Down to the last line below, write out every line exactly, starting with the one that contains "Mieszkanie w inwestycji: Park" and leaving out the pictures.

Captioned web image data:
↓
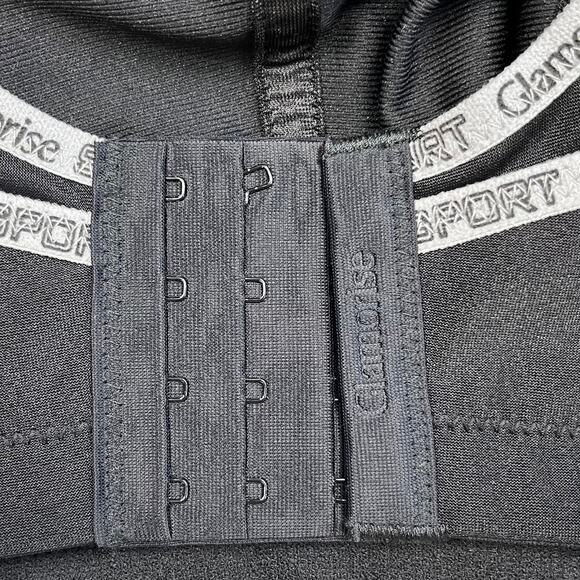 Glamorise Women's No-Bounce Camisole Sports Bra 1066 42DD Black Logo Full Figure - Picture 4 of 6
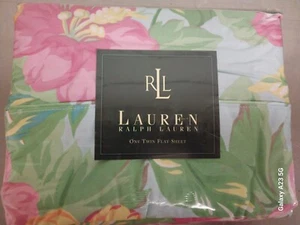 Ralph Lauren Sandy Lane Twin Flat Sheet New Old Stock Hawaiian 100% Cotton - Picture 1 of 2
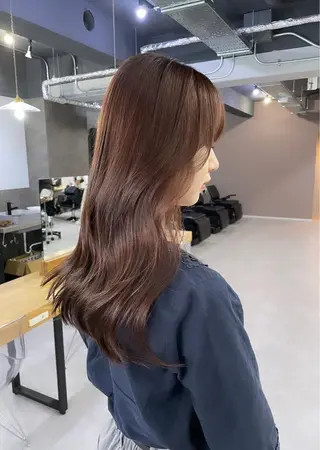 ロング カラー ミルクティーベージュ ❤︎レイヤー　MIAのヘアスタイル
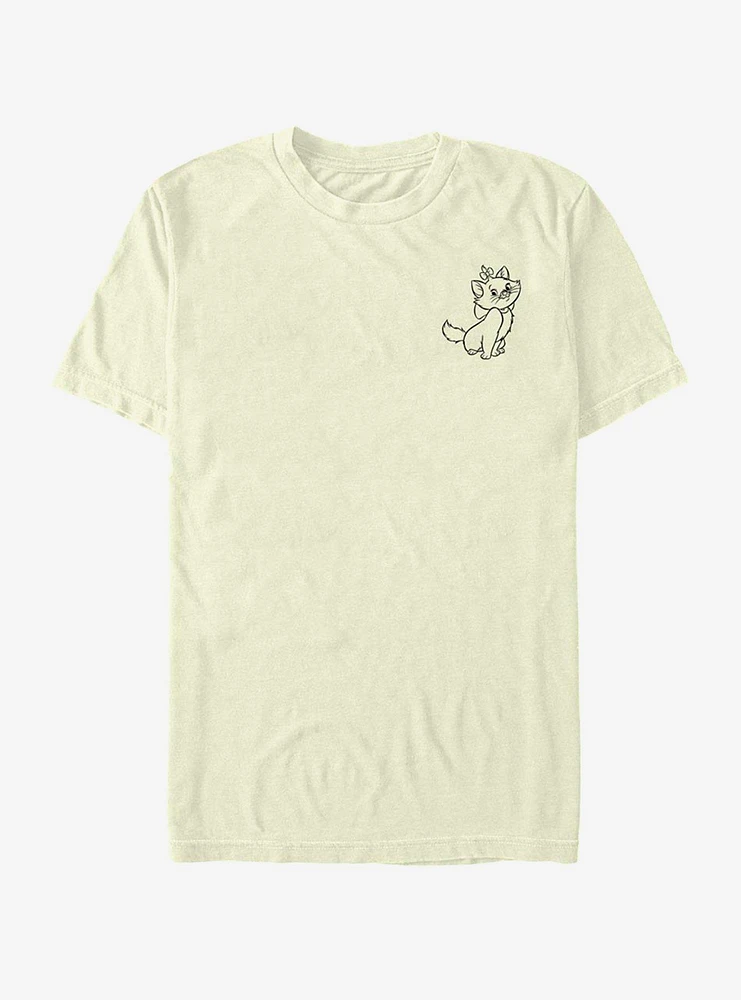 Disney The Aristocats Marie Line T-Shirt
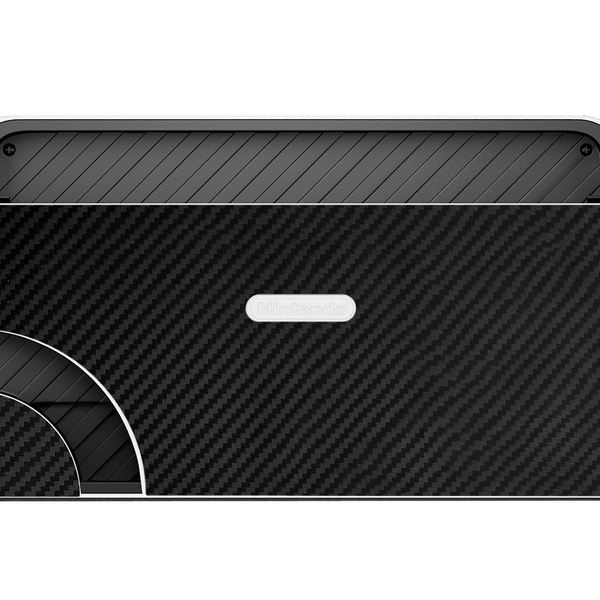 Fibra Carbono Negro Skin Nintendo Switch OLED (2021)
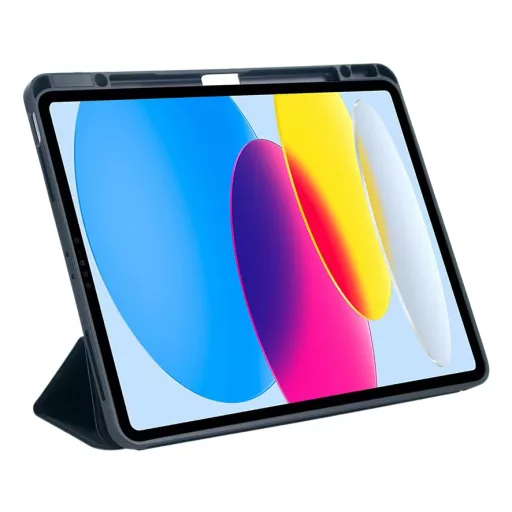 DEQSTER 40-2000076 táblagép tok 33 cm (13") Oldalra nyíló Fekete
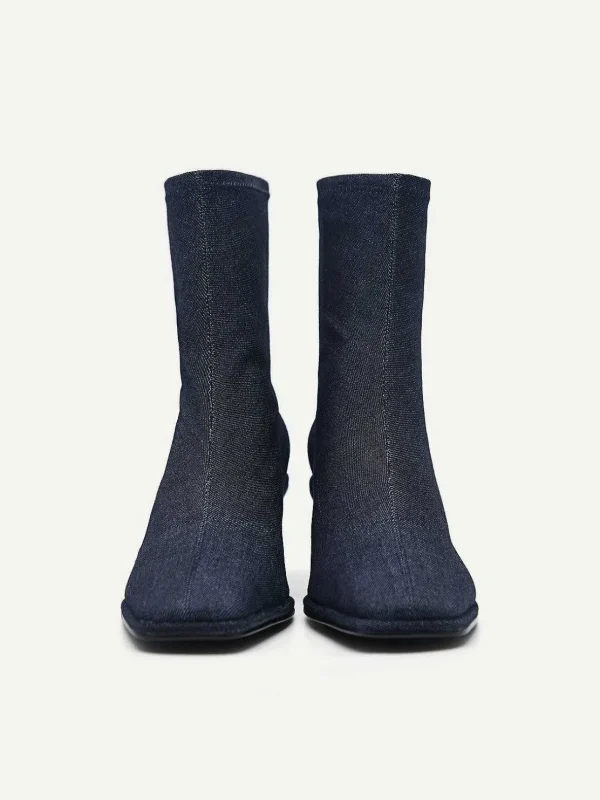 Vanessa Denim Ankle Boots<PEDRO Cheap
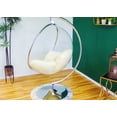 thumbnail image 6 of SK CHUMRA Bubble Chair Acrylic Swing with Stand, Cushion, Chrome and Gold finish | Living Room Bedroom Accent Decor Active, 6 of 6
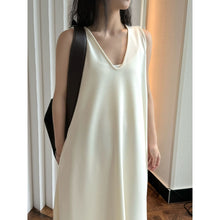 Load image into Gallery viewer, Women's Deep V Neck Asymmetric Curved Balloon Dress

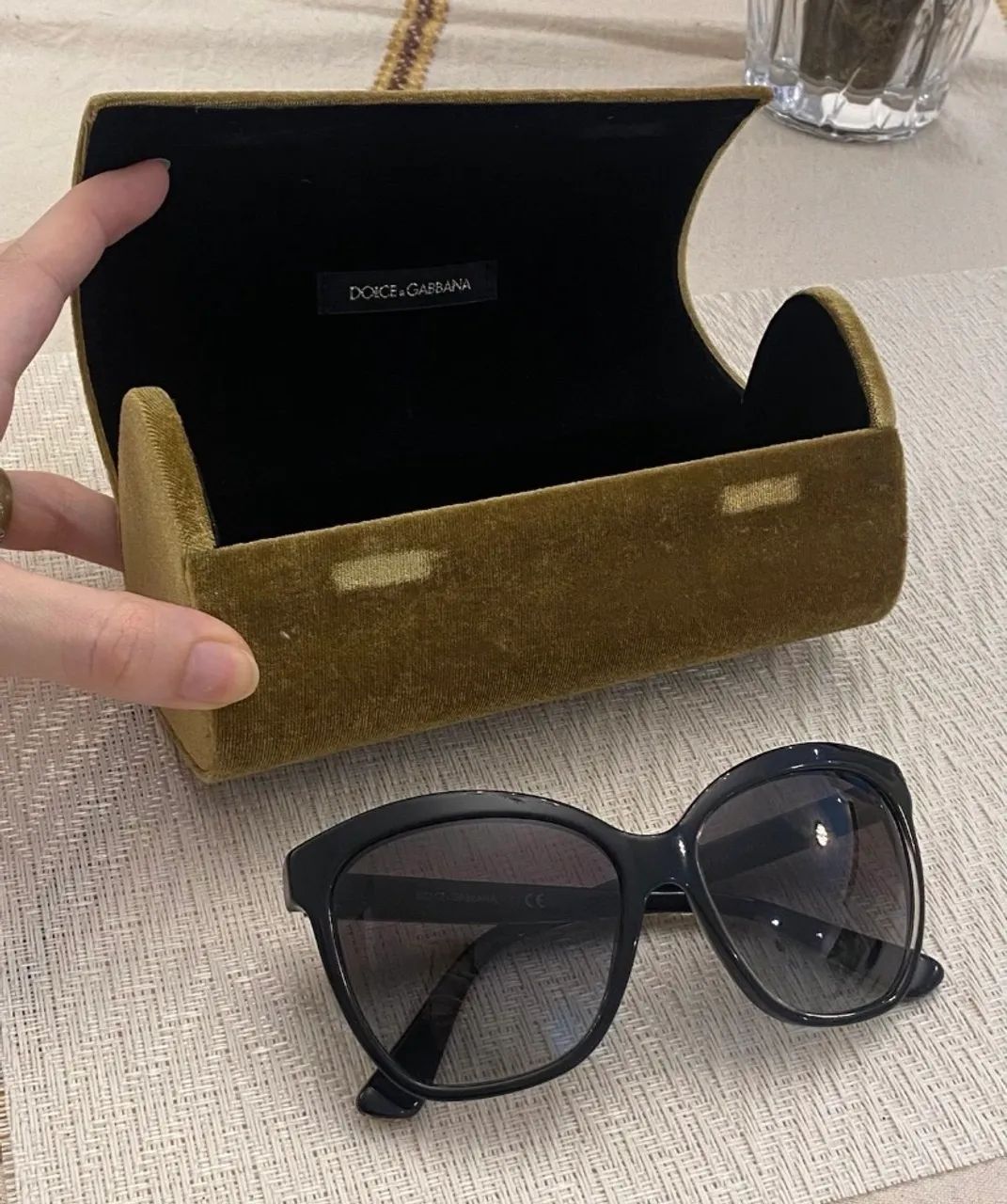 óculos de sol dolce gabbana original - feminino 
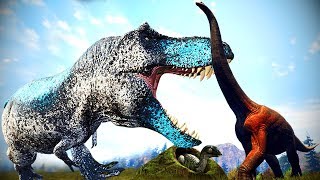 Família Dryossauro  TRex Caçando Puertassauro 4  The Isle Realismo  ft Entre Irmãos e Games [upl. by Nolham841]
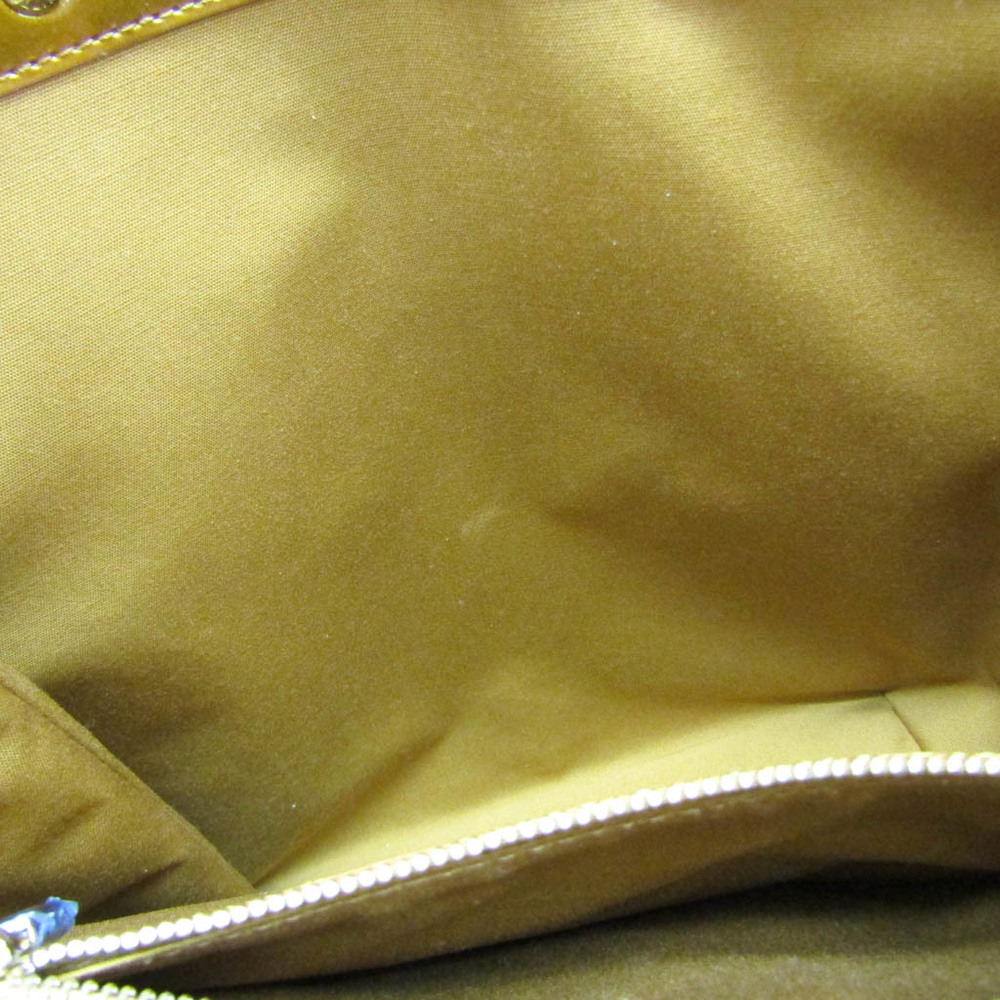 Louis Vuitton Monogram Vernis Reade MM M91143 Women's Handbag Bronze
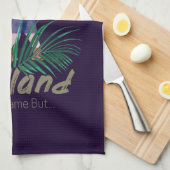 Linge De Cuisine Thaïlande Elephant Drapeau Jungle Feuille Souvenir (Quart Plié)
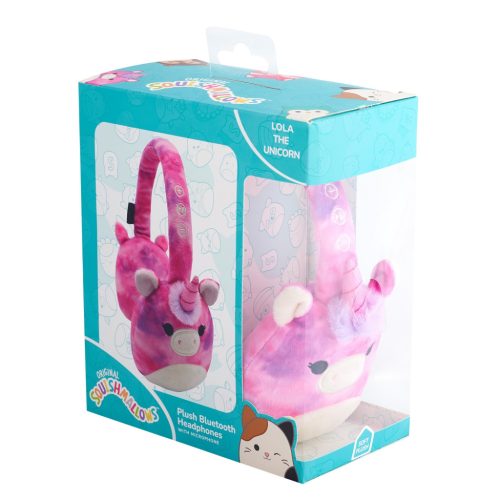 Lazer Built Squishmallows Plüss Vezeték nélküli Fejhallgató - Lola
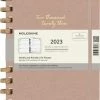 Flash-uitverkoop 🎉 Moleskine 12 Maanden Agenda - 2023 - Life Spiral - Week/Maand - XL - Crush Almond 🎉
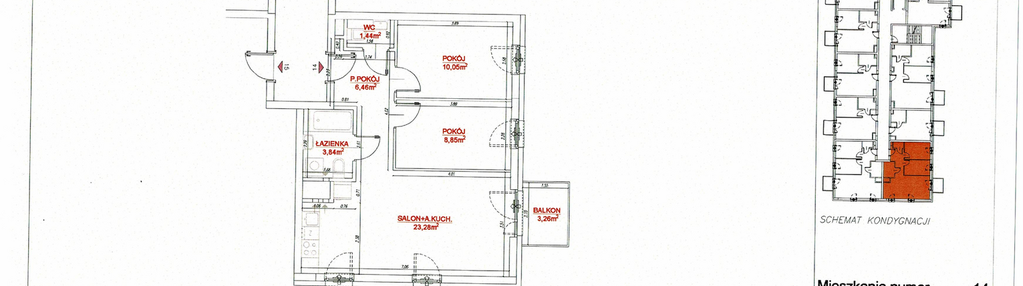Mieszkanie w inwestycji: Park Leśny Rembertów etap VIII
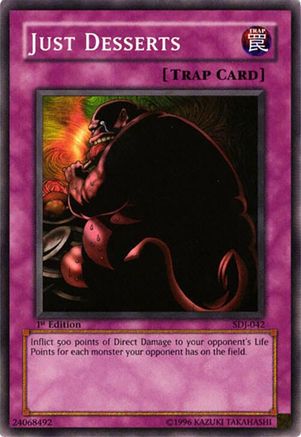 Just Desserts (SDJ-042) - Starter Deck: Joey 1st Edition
↑
Completed task:
Mieszkanie w inwestycji: Park Leśny Rembertów etap VIII
 Just Desserts (SDJ-042) - Starter Deck: Joey 1st Edition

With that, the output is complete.